And this takes us to the third area of CSR research, which is currently growing in the academy, especially in the context of Critical Management Studies and renewed calls to integrate critical political economy into organizational analysis (see Harney et al., 2008). This perspective views CSR practice (and much research to date) as somehow complicit with an unsustainable capitalist system. In this respect, CSR in the context of a broader political economy of the firm functions as a kind of smokescreen that buys time, and pre-empts statutory governmental intervention. As Roberts argues: … my fear is that all this talk of ethics is just that—talk; new forms of corporate self-presentation that have no reference to or influence on what is practiced in the name of the corporation, beyond those associated with good public relations. In this form, corporate social responsibility is cheap and easy; a sort of prosthesis readily attached to the corporate body that repairs its appearance but in no way changes its actual conduct. (2003: 250)
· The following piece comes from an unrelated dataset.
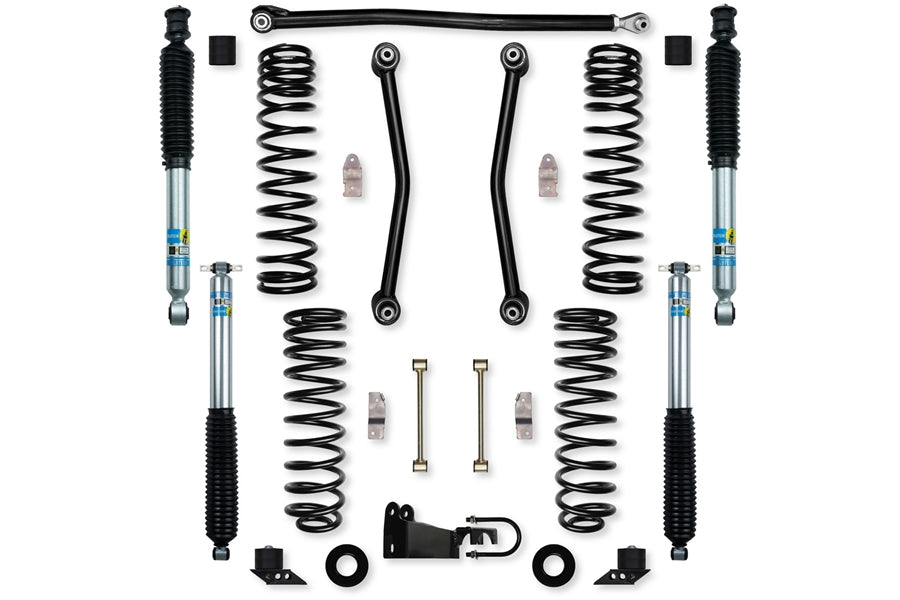 13C RAM 3500 HD 4X4 3.5IN ADVENTURE SYSTEMB51 FRONT AND REAR LIFT KIT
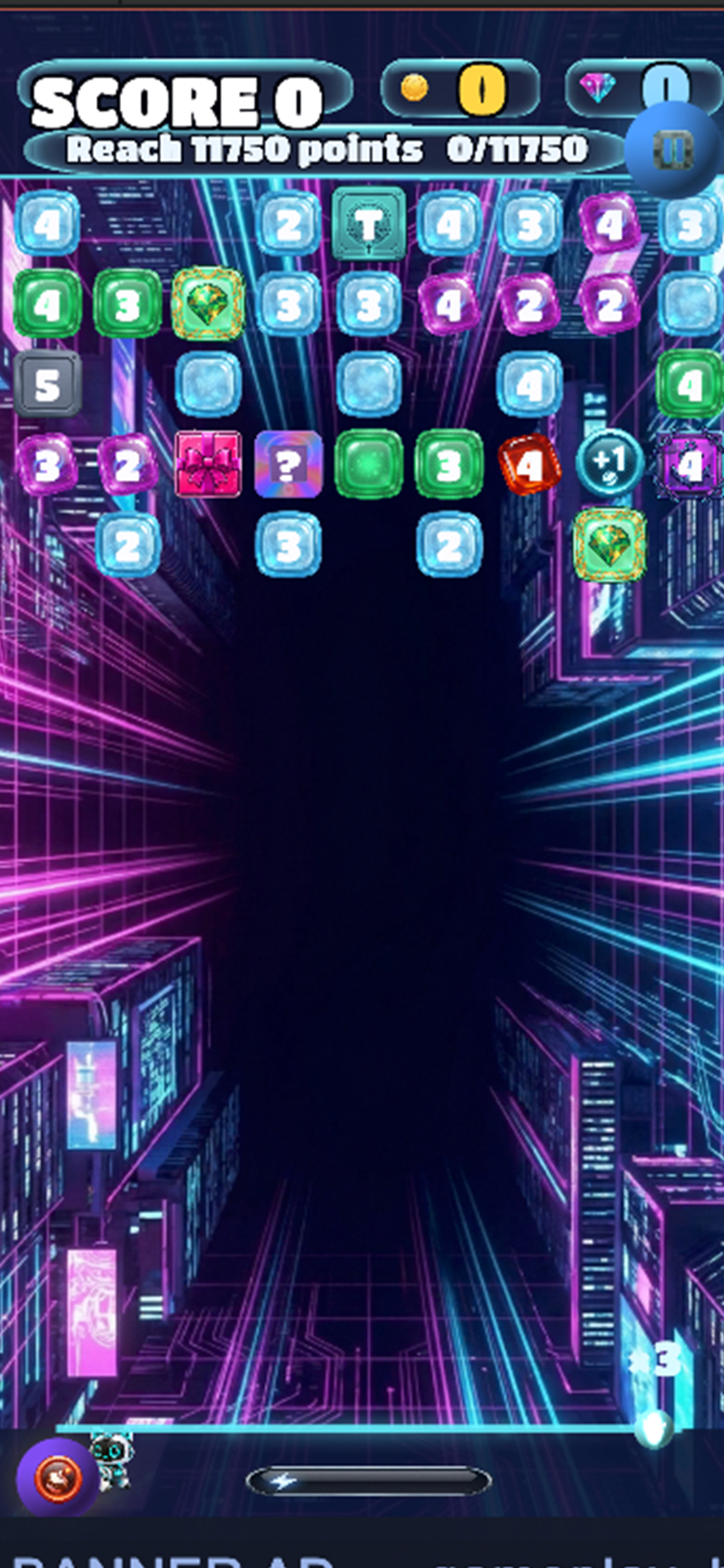 Pin Tan: Brick Breaker Blast screenshot 6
And Roberts’ fears are shared by a growing number of analysts regarding the efficacy of much CSR practice, especially inside big business. In a number of critical essays, Banerjee (2006, 2008) too argues that close scrutiny of business ethics programmes in large multinationals tends to indicate that they play more of an ideological function than changing the dubious ethical standing of their financial motives. For example, the much-heralded notion of ‘consultation’ (celebrated in ‘stakeholder management’ theory and elsewhere) often becomes a tool to further single-minded corporate interests rather than introduce other voices. As Banerjee (2008) puts it when quoting (Tatz, 1982) in relation to mining companies ‘consulting’ with indigenous peoples in Australia, the Aborigines are the ‘receivers of consultation, that is … are from time to time talked to about the decision already arrived at’ (Banerjee, 2008: 64). Indeed, some have argued that given the years of CSR initiatives pursued by many large firms, the practical outcome has been negligible. Corruption, crime, cutting corners and suppressing the interests of less powerful parties remain the ‘name of the game’ despite all the talk to the contrary. In light of this disconnect between ideology and practice, Fleming and Jones (2013) even suggest that the discourse of CSR could even be simply abandoned. If there is a common theme that runs through the articles in this special issue it is a desire to understand more fully the ideological effects of the discourse of CSR.
The contributions
The first article ‘Why do corporate actors engage in pro-social behaviour’ by David Seidl, Dominik van Aaken and Violetta Splitter, begins the issue by exploring the potential of Bourdieu’s work for understanding CSR. In particular the article pursues an analysis of CSR developed through the key Bourdieusian concepts of capital, habitus and field including the field specific illusio. Like all practices pro-social practices are understood as attempts to acquire or transform capital—‘economic, social and cultural are transformed into symbolic capital if they are accorded positive recognition, esteem and honour by other actors’. The notion of habitus points to the largely tacit nature of pro-social behaviour and the way in which whether an organization engages in CSR depends on the individual dispositions of key individuals. Finally the Bourdieusian concept of field allows the pursuit of various forms of capital to be understood within the shifting network of relations that is its social context; in the case of CSR this might include members of other corporations, suppliers, customers, journalists, investors and government and non governmental organizations. The concept of illusio– unconsciously shared evaluations of different forms of capital—offers a way of understanding the ideological framing of CSR by dominant actors. The authors suggest that the particular strengths of such a Bourdieusian approach relative to extant work lies in its potential to illuminate the interplay between economic and non-economic motivations for engaging in CSR, the interplay of individual dispositions and more macro influences, as well as deterministic and voluntaristic aspects of human behaviour.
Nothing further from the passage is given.